14D Preview

Preparing for the next class

In the next in-class activity, you will need to understand the limitations of the  conclusions from the F-test in an ANOVA, identify the null and alternative hypotheses  for all pair-wise comparisons, and use technology to perform a two-sample t-test. You  will also need to identify the probability of type I errors and issues that arise with  multiple comparisons and use adjusted confidence intervals to conduct all pair-wise  tests and make conclusions about significant differences.

In In-Class Activities 14.A through14.C, we conducted a one-way ANOVA, which is a  statistical test for comparing and making inferences about means associated with two  or more groups.

In the next in-class activity, you will conduct a complete one-way ANOVA to make an  overall comparison among the population means and further investigate the individual  pair-wise differences in the means. You will also learn about the ramifications of  conducting multiple statistical tests.

Question 1

1) Suppose you are studying the efficacy of new statistics teaching methods. You  randomly assign 20 students to each of the four different methods: A, B, C, and D.  You test their knowledge on the midterm to compare the differences between the  teaching methods. The results are shown in the following table and boxplots  (continued on the next page). For this activity, you may assume the conditions for  ANOVA are met.

A B C D
59 67 62 69
54 66 74 62
60 51 62 70
57 68 64 73
58 65 77 53
52 54 59 73
67 57 58 75
61 55 64 64
54 59 68 67
56 66 65 73
62 70 66 69
60 56 64 69
56 56 73 72
61 53 65 73
67 56 67 73
65 72 72 59
61 64 63 77
61 64 72 62
60 63 63 77
62 57 64 67

A box plot labeled “Midterm Grade” on the horizontal axis, with “Group A,” “Group B,” “Group C,” and “Group D” on the vertical axis. For Group A, the low point is at approximately 52, the high point is at approximately 67, the low end of the box is at approximately 57, the high end is at approximately 61, and the middle line is at approximately 59.5. For Group B, the low point is at approximately 51, the high point is at approximately 72, the low end of the box is at approximately 56, the high end is at approximately 66, and the middle line is at approximately 61. For Group C, the low point is at approximately 58, the high point is at approximately 78, the low end of the box is at approximately 63, the high end is at approximately 69, and the middle line is at approximately 64.5. For Group D, the low point is at approximately 59, the high point is at approximately 78, the low end of the box is at approximately 66.5, the high end is at approximately 75.5, and the middle line is at approximately 69.5. There is also a point at approximately 53. There are also points “y bar sub 1” at approximately 59.5, “y bar sub 2” at approximately 61, “y bar sub 3” at approximately 66.5, and “y bar sub 4” at approximately 68.

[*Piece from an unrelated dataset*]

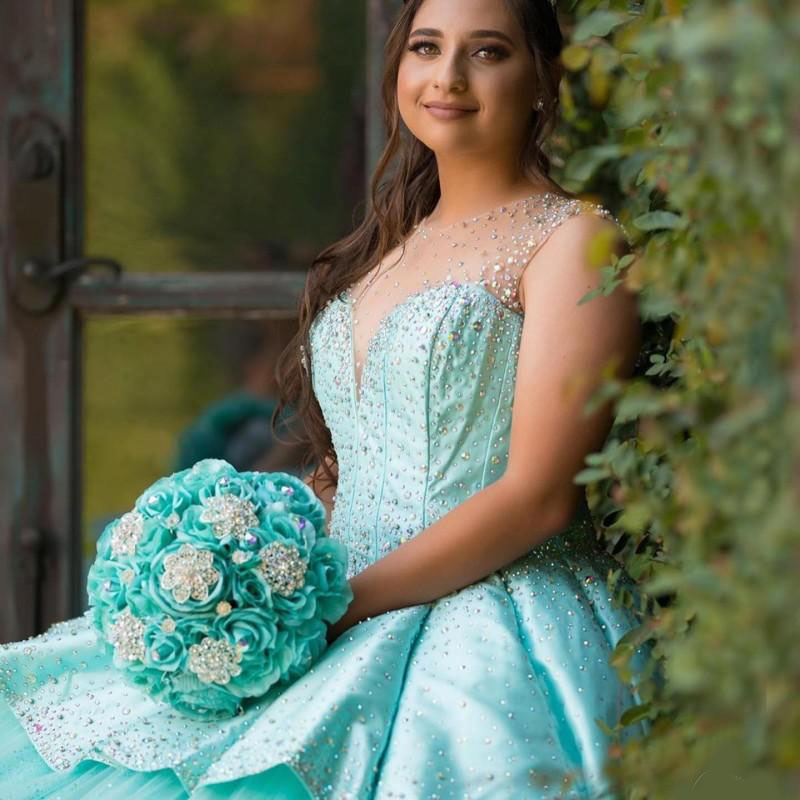 Blue Quinceanera Dresses Crew Neck Bead Top Ruched Satin and Tulle Skirt Girls Sweet 15 Prom Dress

Part A: What is the null hypothesis?

Part B: What is the alternative hypothesis?

The P-value for the test is presented in the following output:

ANOVA Table:

Source df Sum of Squares Mean Square F Statistic P-value
Group 3 1122 374 12.46 <0.0001
Error 76 2282 30.02
Total 79 3404

Part C: What should be the conclusion of the test?

Part D: Determine if this statement is true or false: I can use the conclusion of the  ANOVA to identify which method is the best?

This leads us to the next logical question—which means are different? Once we have  rejected the null hypothesis that all means are equal, we will want to perform multiple  comparisons to identify the differences.

In In-Class Activity 13.C, we explored hypothesis tests that allowed us to compare  means from two groups/populations. More specifically, we performed calculations to determine if there was evidence that the means associated with the populations were  statistically different from one another.

Question 2

2) To compare all groups, we could perform six different two-sample t-tests in order to  find the significant difference(s). Describe the six comparisons. Fill in the two group  names in the missing blanks below.

  1. Group A vs. Group B
  2. Group A vs. Group ___
  3. Group A vs. Group D
  4. Group B vs. Group C
  5. Group B vs. Group ___
  6. Group C vs. Group D

Question 3

3) Suppose we want to compare Group A to Group B. Which of the following is the correct null hypothesis for this scenario?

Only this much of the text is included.